++++ Records for this exercise ++++
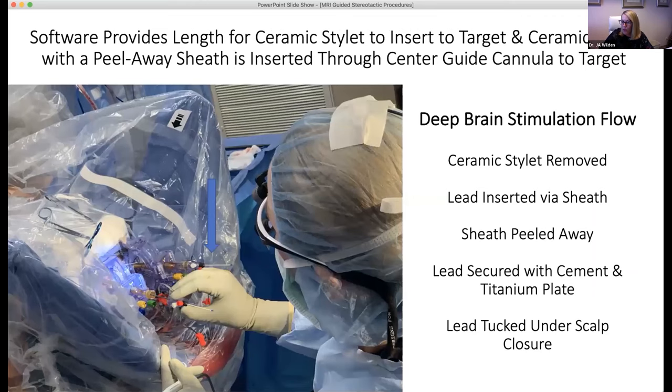Once the center cannula is reliably pointing at target, I use a dural knife to puncture the dura, then put the ceramic stylet with a peel-away sheath down the center cannula to the target. The needed length of the stylet from the top of the frame to the target is calculated by the software and measured before insertion. Once both stylets are at target for bilateral DBS, the patient goes back to isocenter for a T1 volumetric scan to assess accuracy. If satisfied, we remove the ceramic stylets and insert the DBS leads down the peel-away, then finish by securing the leads and tunneling.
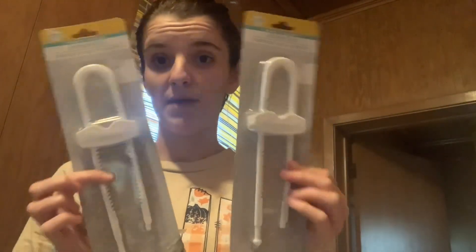Then I picked up two of these cabinet locks for the new house. I'll probably end up needing more, but for right now I did pick up two.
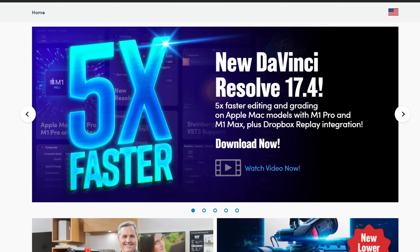Guess what day it is? Update day! Blackmagic just dropped an update for Resolve 17.4. It is currently installing. Let's talk about it.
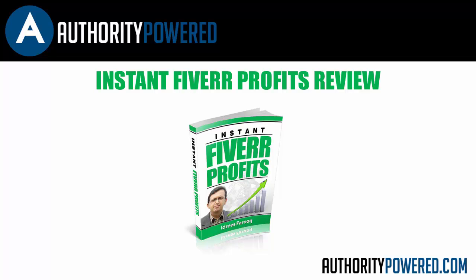Hey guys, William Fletcher here from AuthorityPower.com and today I am reviewing Instant Fiverr Profits by Idreus Farouk. If you are not sure who Idreus is, he is a top SEO expert and a top Fiverr seller.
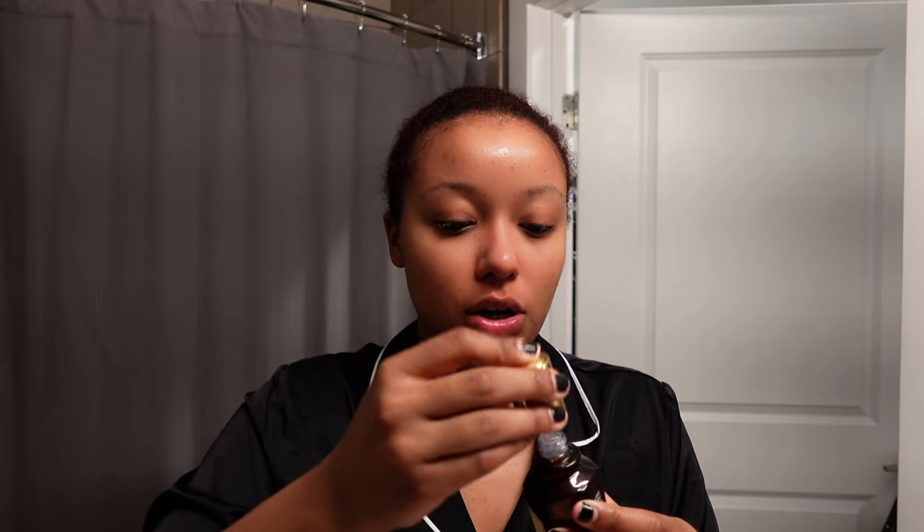Now for serums. I'm going in with the Royal Honey E-Rich Essential Serum. I like to use this because it really makes my skin shiny and my skin just eats it up. Remember — bring it down to the neck and the chest.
++++
● About this exercise
Omit the pictures, then quote the rest of the material above exactly.

● Answer section
Once the center cannula is reliably pointing at target, I use a dural knife to puncture the dura, then put the ceramic stylet with a peel-away sheath down the center cannula to the target. The needed length of the stylet from the top of the frame to the target is calculated by the software and measured before insertion. Once both stylets are at target for bilateral DBS, the patient goes back to isocenter for a T1 volumetric scan to assess accuracy. If satisfied, we remove the ceramic stylets and insert the DBS leads down the peel-away, then finish by securing the leads and tunneling.
Then I picked up two of these cabinet locks for the new house. I'll probably end up needing more, but for right now I did pick up two.
Guess what day it is? Update day! Blackmagic just dropped an update for Resolve 17.4. It is currently installing. Let's talk about it.
Hey guys, William Fletcher here from AuthorityPower.com and today I am reviewing Instant Fiverr Profits by Idreus Farouk. If you are not sure who Idreus is, he is a top SEO expert and a top Fiverr seller.
Now for serums. I'm going in with the Royal Honey E-Rich Essential Serum. I like to use this because it really makes my skin shiny and my skin just eats it up. Remember — bring it down to the neck and the chest.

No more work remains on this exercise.